Dès janvier dernier, l’APLettres s’est employée à influencer la réforme du lycée et celle de ses programmes. Nous avons été les premiers, alors que d’autres, y compris parmi les plus ardents et fidèles défenseurs des langues anciennes, pensaient la partie perdue et que le Cabinet les confortaient dans cette démission, à demander la création d’une spécialité « langues anciennes », demande réaffirmée le 9 février lors de notre entretien avec le directeur de cabinet du ministre : nous l’avons obtenue et nous avons obtenu à l’automne, avec nos partenaires, malgré la note scélérate publiée par la DGESCo, qu’elle soit très largement proposée sur tout le territoire.
Nous avons également demandé et obtenu que l’option soit maintenue avec l’avantage actuel : le triplement des points au bac ; reste à s’assurer que ces points s’ajouteront au total obtenu.
Dès le 9 mars, nous avons été consultés sur les programmes de français et de langues anciennes. Nous pouvons nous féliciter de notre influence sur les premiers. Je ne reprendrai pas ici le propos de la motion que nos lecteurs lirons par ailleurs, mais, dès la note publiée par le CSP en mars dernier, qui reprenait très précisément notre propos, nous avons pu constater que nous avions été entendus. Consultés, le 4 octobre, sur le projet issu du groupe de travail, puis par la DGESCo, le 19 novembre, sur le projet définitif de la DGESCo, nous avons encore été entendus sur certains points, comme l’accent mis sur le théâtre classique ou la distribution de la littérature d’idée entre la seconde et la première ; nous déplorons cependant que les « parcours d’histoire littéraire » ne soient plus que des « parcours » et redoutons, par expérience, ce que les éditeurs, les formateurs et certains IPR idéologues feront de ce vague délétère. Il est essentiel que ces parcours passent en revue toute la période considérée et ne l’assujettisse pas à une thématique quelconque. C’est pour la même raison, l’intégrité du texte, que nous déplorons aussi qu’ait été abandonnée la mention de l’analyse linéaire : sans l’imposer aux professeurs, il faut que les programmes la mentionnent et y encouragent, pour que la rupture soit réelle avec la lecture méthodique, véritables œillères mises aux élèves dans leur approche des textes. Nous espérons donc que l’esprit de ce projet soit confirmé et conforté par la DGESCo et, surtout, par le ministre lui-même, quand il publiera les programmes définitifs et nous appelons les éditeurs de manuels scolaires à ne pas aller trop vite, notamment à ne pas élaborer des ouvrages bâtard qui appliquerait un pauvre vernis d’histoire littéraire ce qui se fait actuellement. Après tout, une rentrée sans manuels ne serait pas catastrophique et il vaut mieux attendre septembre 2020 pour que des ouvrages rigoureux scientifiquement et parfaitement conformes aux programmes soient disponibles.

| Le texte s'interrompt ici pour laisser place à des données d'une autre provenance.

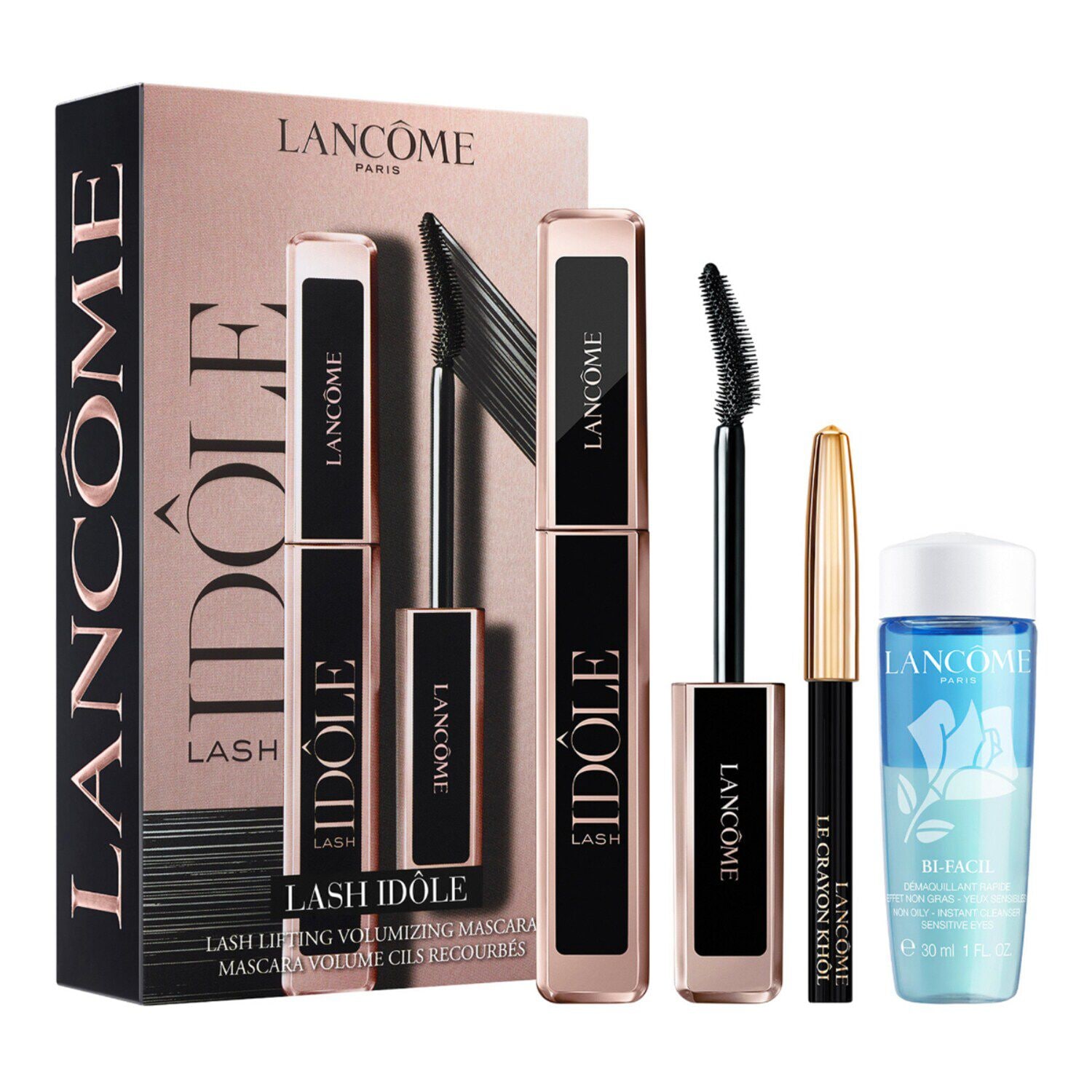 Idôle Mascara Set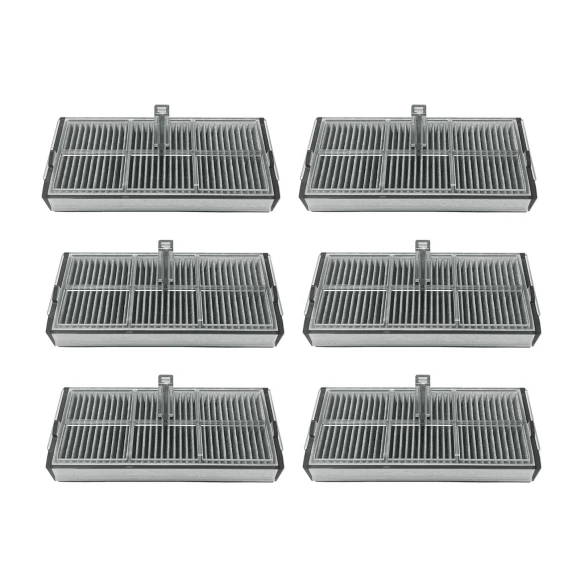 Robot Vacuum with HEPA Filter — Smart Cleaning Robots, Three Body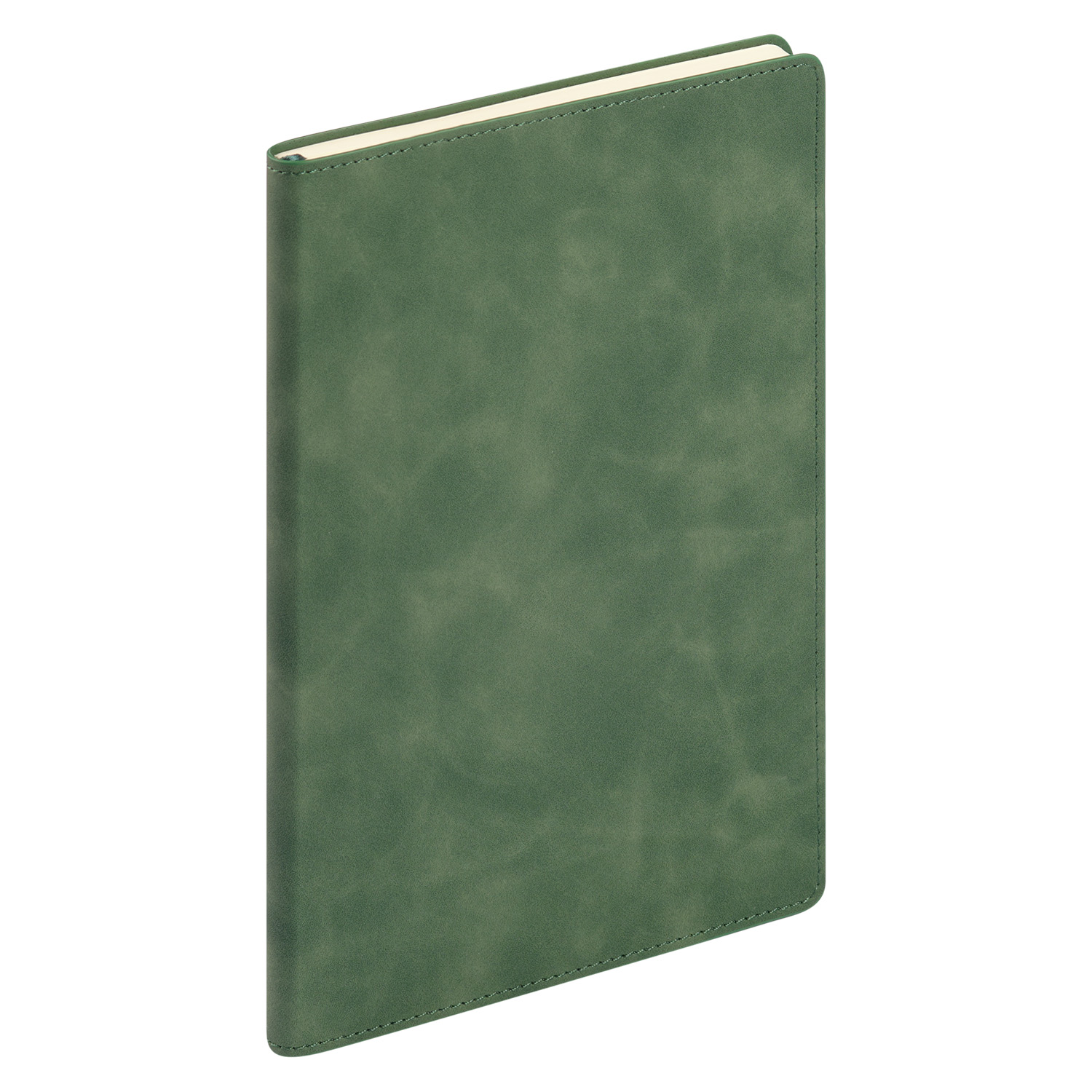 Ежедневник Верона (Verona) недатированный, зеленый (без упаковки, без стикера) / 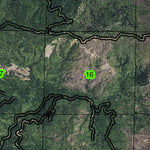 Burnt Hill Summitt T39S R14W Township Map Preview 3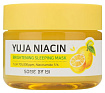 Маска ночная для лица с экстрактом юдзу - SOME BY MI YUJA NIACIN BRIGHTENING SLEEPING MASK (mini)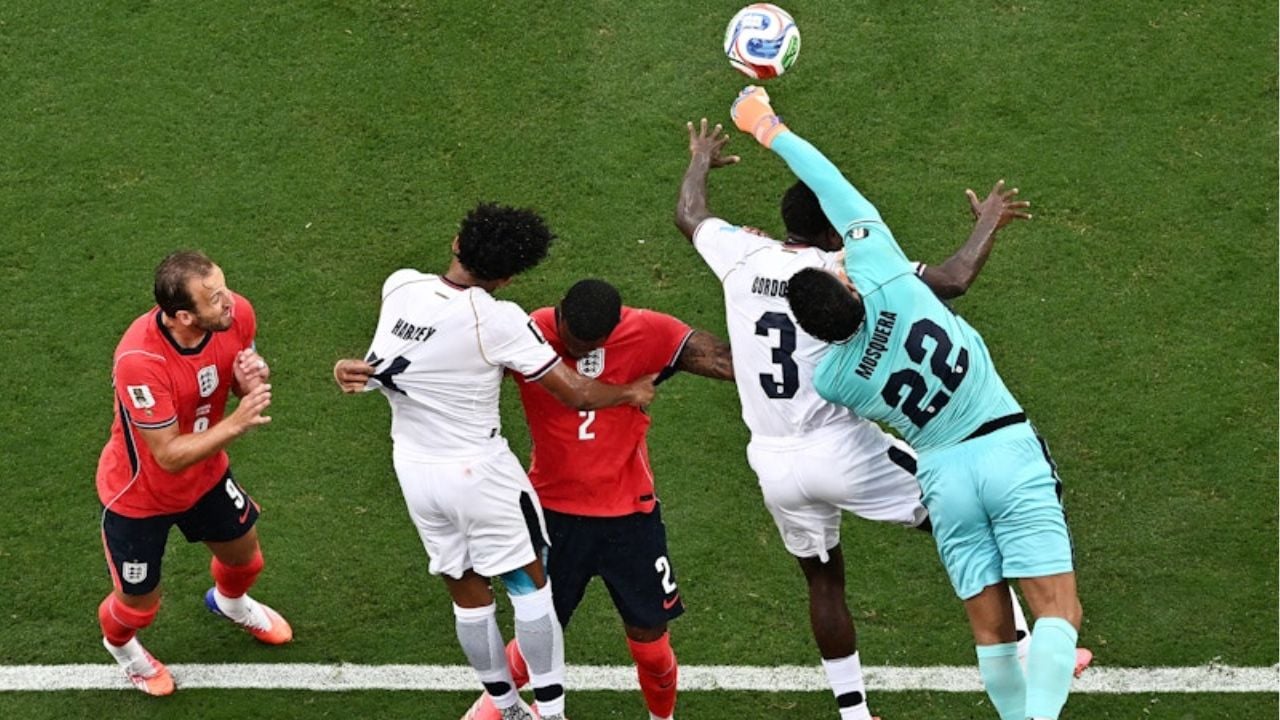 প্রথমার্ধ শেষে গোলশূন্য ইংল্যান্ড-পানামা ম্যাচ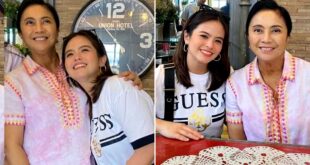 Bea Binene Leni Robredo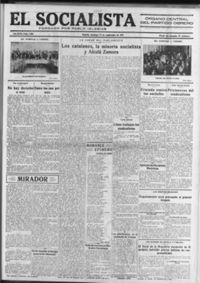 Socialista, El  p 02824 - (1931/09/27)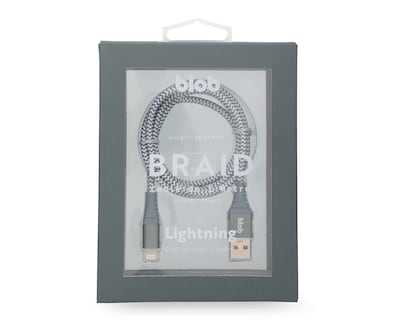Foto 3 | Cable Blob Tipo Lightning de 1 m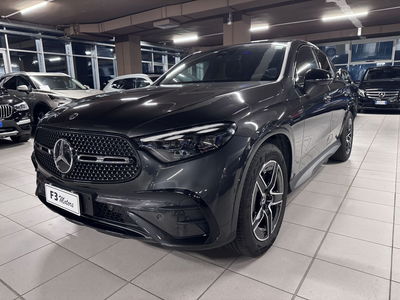 Mercedes-Benz GLC Coup&eacute; 220 d AMG Line Premium Plus 4matic auto del 2023 usata a Messina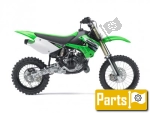 Others for the Kawasaki KX 85 A - 2011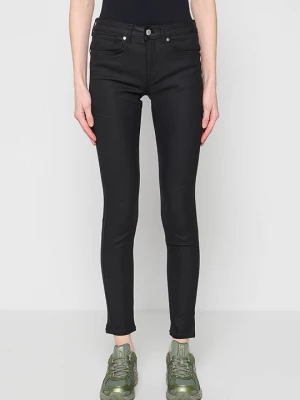 Foto van product Jeans Skinny Fit Mango zwart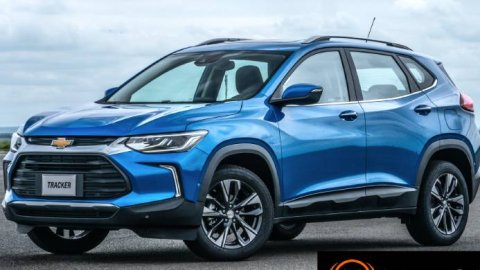 General Motors se suma a METRO 95.1 con la llegada de la nueva Tracker
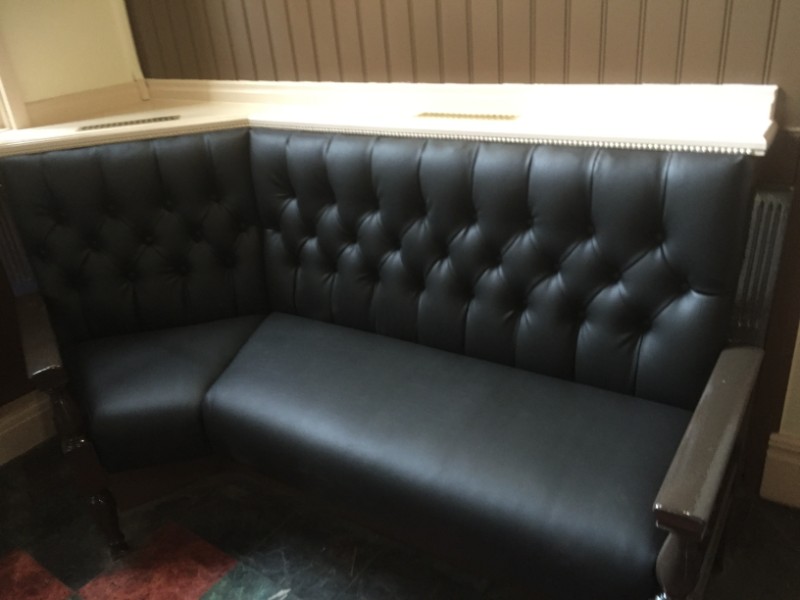 seating hull builders dram shop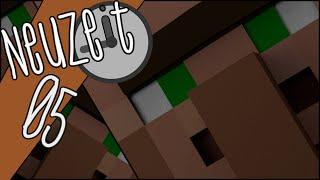 Neuzeit - #05 "Villager-Probleme" - Minecraft Survival Multiplayer (mit Gästen) [DE] [HD]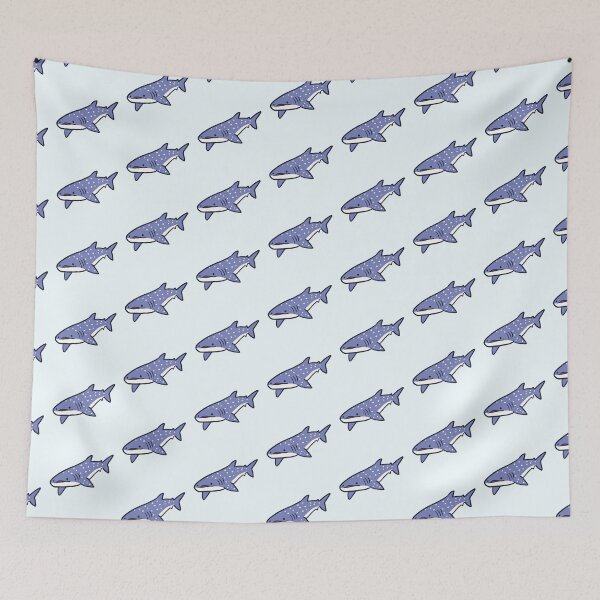 Item preview, Whale shark  designed and sold by Artofmayara.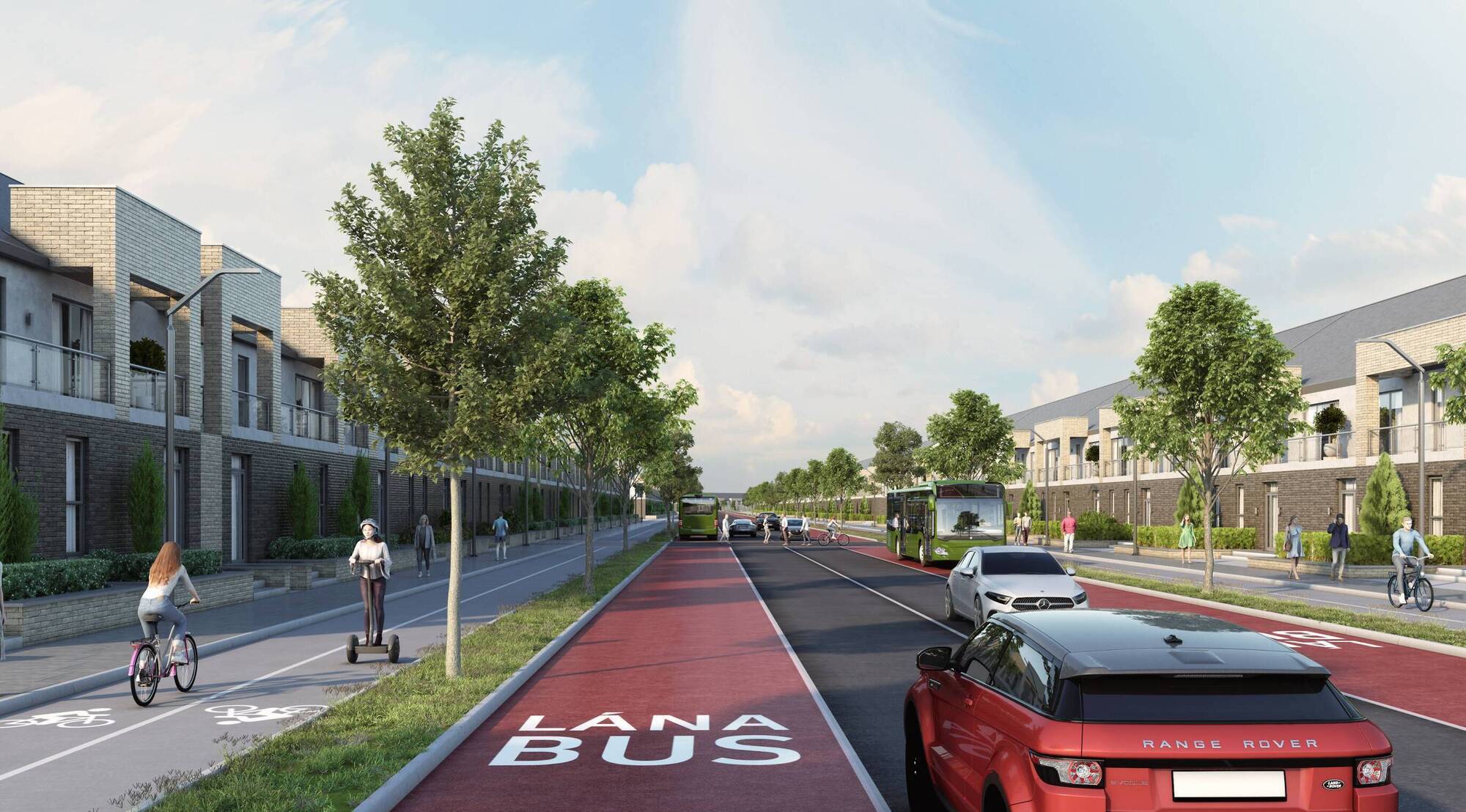 Cork City Council identifies 670 acres for housing expansion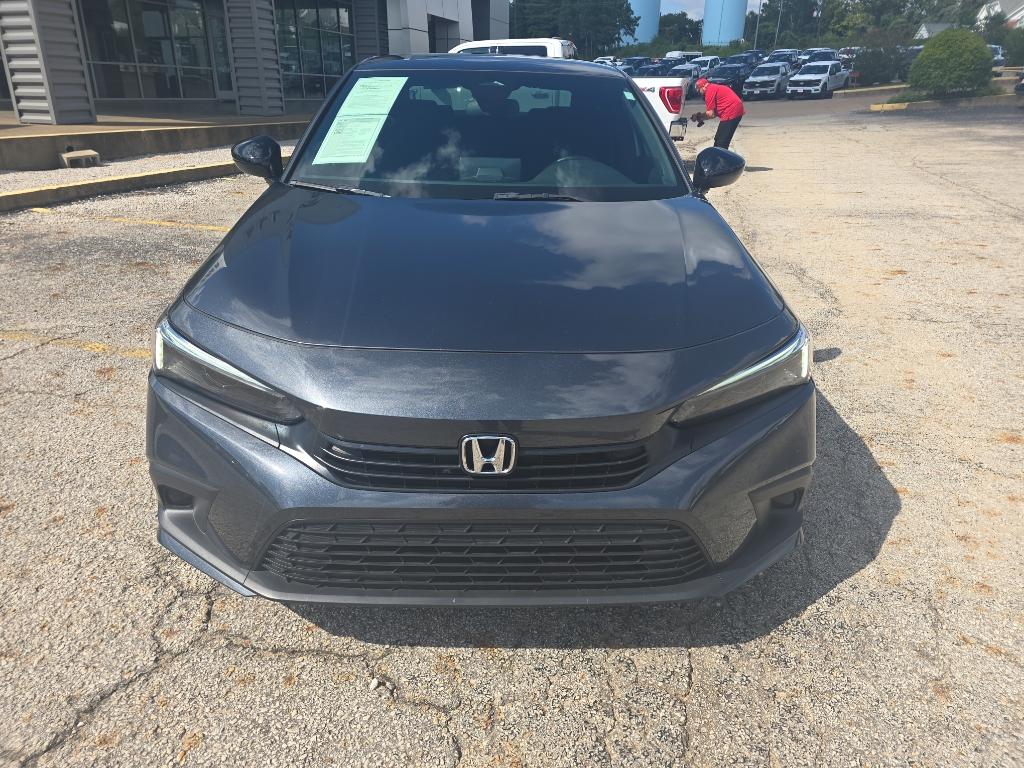 Used 2022 Honda Civic Sport with VIN 2HGFE2F55NH592400 for sale in Palestine, TX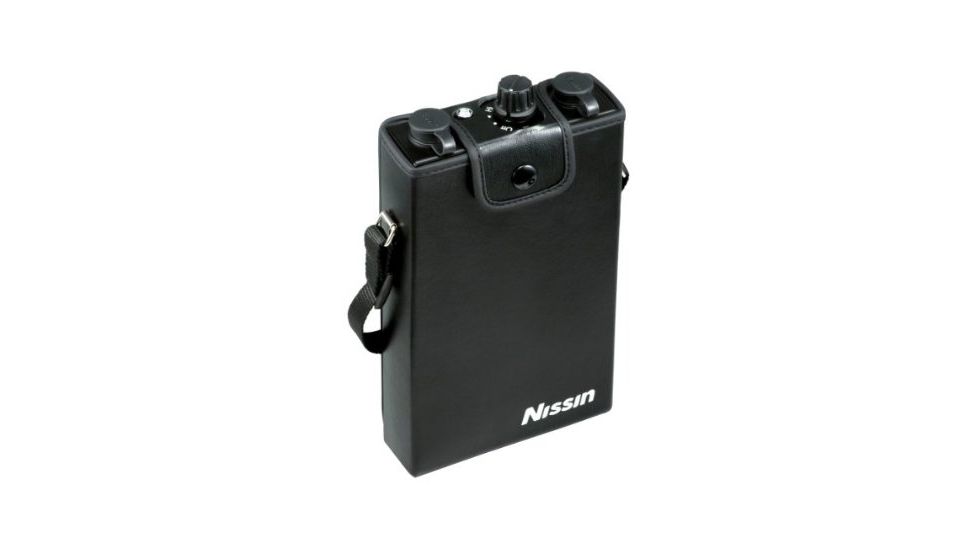 Nissin Power Pack Pro 300 without Battery Cluster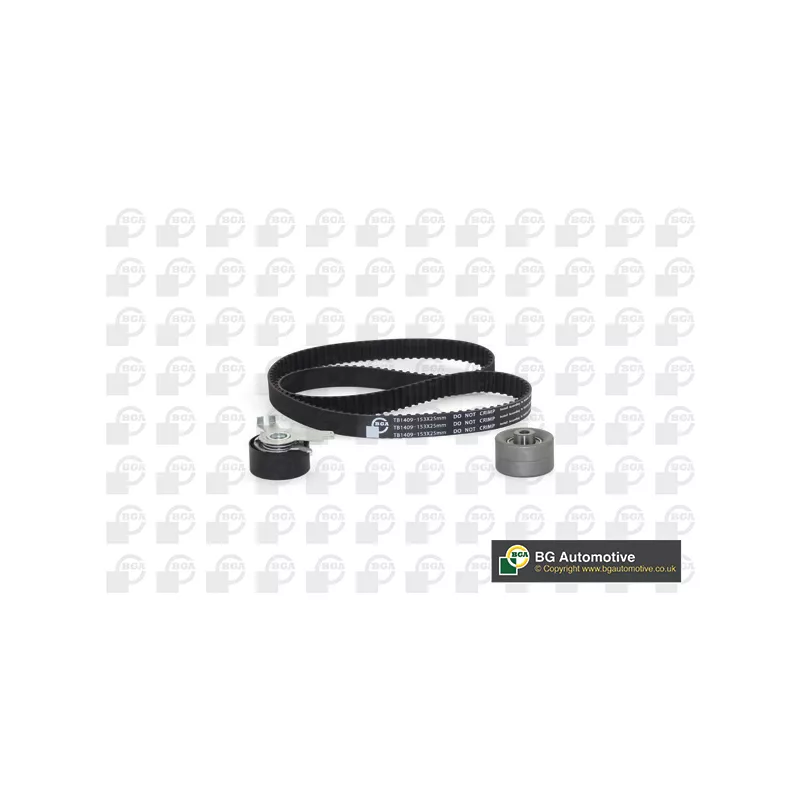 Kit de distribution BGA TB1409K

Les choses sont assez différentes en ce qui concerne les langues anciennes. Là encore, nos lecteurs consulteront la motion adoptée par le Comité. Nous nous contenterons ici de répéter que le latin et le grec sont des enseignements littéraires, enseignés par des professeurs de lettres, lesquels enseignent aussi le français. S’il est tout à fait légitime, et même souhaitable, que l’histoire et l’anthropologie aient leur place dans les programmes, cette place ne saurait occuper celle de l’étude littéraire des textes, c’est-à-dire de leur explication, notamment stylistique, sans cadres ni a priori. Rien ne serait plus désastreux pour l’avenir des langues anciennes au lycée qu’un enseignement aride et qui enfermerait l’Antiquité dans son passé. Ce qui justifie la place de tout temps accordée aux langues anciennes dans notre enseignement, c’est la nécessité de la connaître pour comprendre la modernité, qui n’a cessé de s’en nourrir. L’élève s’intéressera au latin parce qu’il croise des inscriptions en latin dans les rues de Paris, parce qu’il constate que les lettres antiques informent la littérature française et européenne. Une approche strictement anthropologique et fondée sur le seul écart entre l’Antiquité et le monde contemporain place le latin et le grec sur le même plan que le mandarin ou le maya, langues passionnantes à étudier, mais sans nécessité pour nous, Français et Francophones, Européens et Méditerranéens d’aujourd’hui.
L’APLettres va jusqu’au bout faire valoir ses convictions, pour que les programmes de langues anciennes soient en harmonie épistémologique et en adéquation pédagogique avec ceux de français. En outre, l’APLettres rencontrera à nouveau le CSP, le 10 décembre prochain, pour exprimer ses vœux sur les futurs programmes de français-histoire des Lycées professionnels.